Mathematica graphics

Below is the same plot for the sparse method. Note the step by LinearSolve would be identical, but FindMinimum ignores it (as though it did not even bother to compute it).

fmsp = fmdata@ FindMinimum[f, {{x, 1}, {y, 1}}, 
    Method -> {"Newton", "Hessian" :> {sparhess, "Sparse" -> sparsity}}, Gradient :> g];
fmdataplot[fmsp]

Mathematica graphics

What has happened is that FindMinimum went far to the left and searched back toward the initial point, apparently looking for a point where the Hessian is positive definite.

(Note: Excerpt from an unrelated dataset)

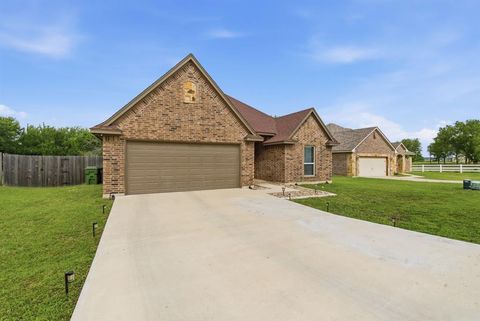 Photo of 2313 Springhill Court, Mineral Wells, TX 76067 (MLS # 21244147)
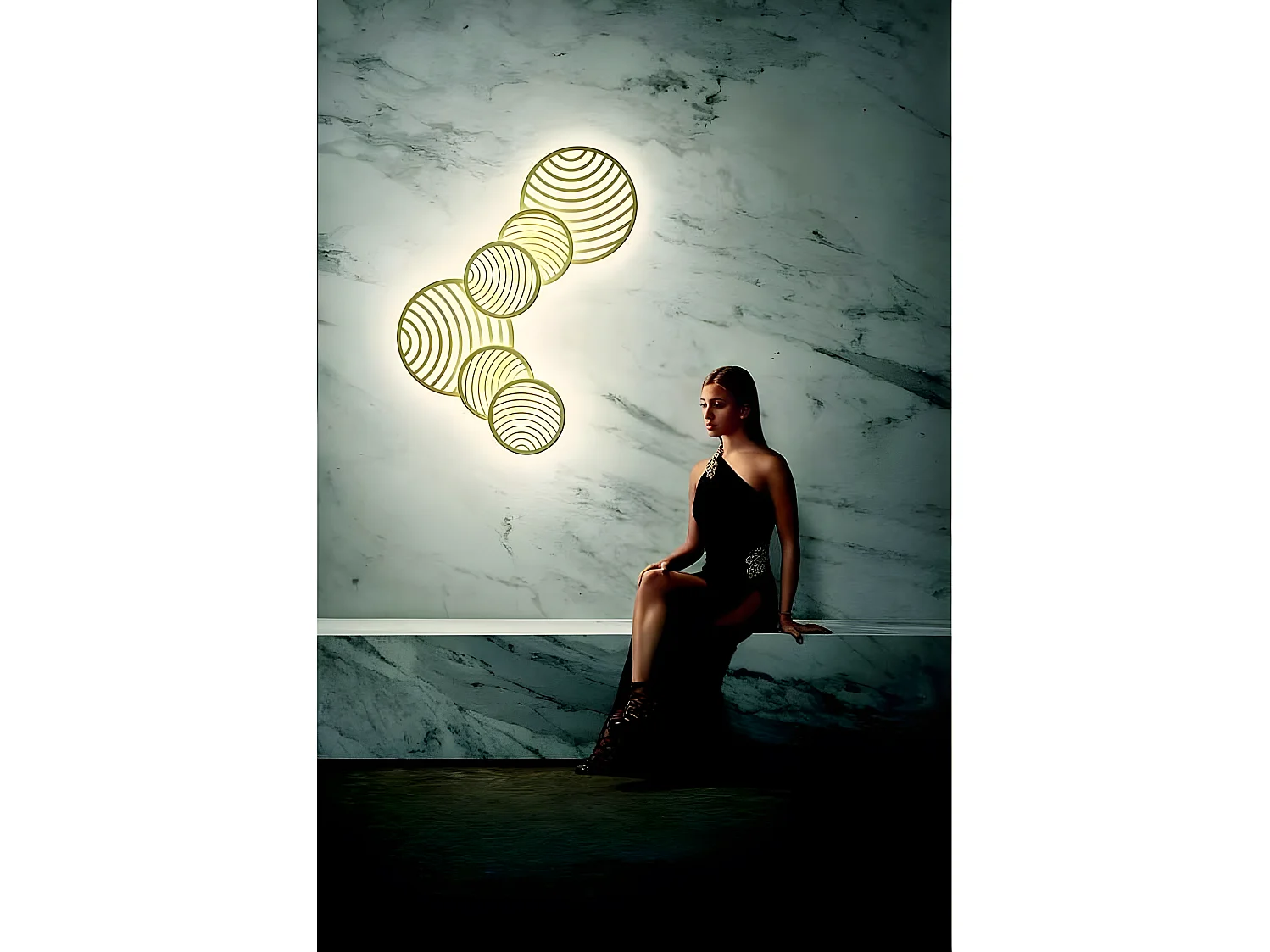 Aplique-Plafond LED 30w modèle COLLAGE en couleur or de MANTRA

This can be seen in the points that are evaluated (the points in red are the initial point plus the actual steps; the black pairs are extra evaluations done to determine the next step):

fmsp["eval"] /. (# -> Style[#, Red] & /@ fmsp["steps"])

Mathematica graphics

If we manually apply the LinearSolve step first, the sparse method follows the default method, probably because the step lands in a basin where the Hessian is positive definite.

fmsp1 = Module[{x0, y0},
   {x0, y0} = {1., 1.} + 
     LinearSolve[
      h /. Thread[{x, y} -> {1., 1.}], -g /. Thread[{x, y} -> {1., 1.}], 
      Method -> {"Cholesky", "Modification" -> "Minimal"}];
   fmdata@
    FindMinimum[f, {{x, x0}, {y, y0}}, 
     Method -> {"Newton", "Hessian" :> {sparhess, "Sparse" -> sparsity}}, Gradient :> g]
   ];
Show[fmdataplot[fmsp1], 
  Graphics[{Red, PointSize[Large], Point[{1, 1}]}], 
  PlotRange -> PlotRange[plot]] /. 
 gc_GraphicsComplex :> Cases[plot, _GraphicsComplex, Infinity]

Mathematica graphics

Code dump

Aside from fmdata and fmdataplot used above, I include two more

fmLSsteps, which computes the steps predicted by LinearSolve, which can be compared with the actual steps taken by FindMinimum.
fmLSstepgraphics, which creates an arrow for each step representing the predicted step.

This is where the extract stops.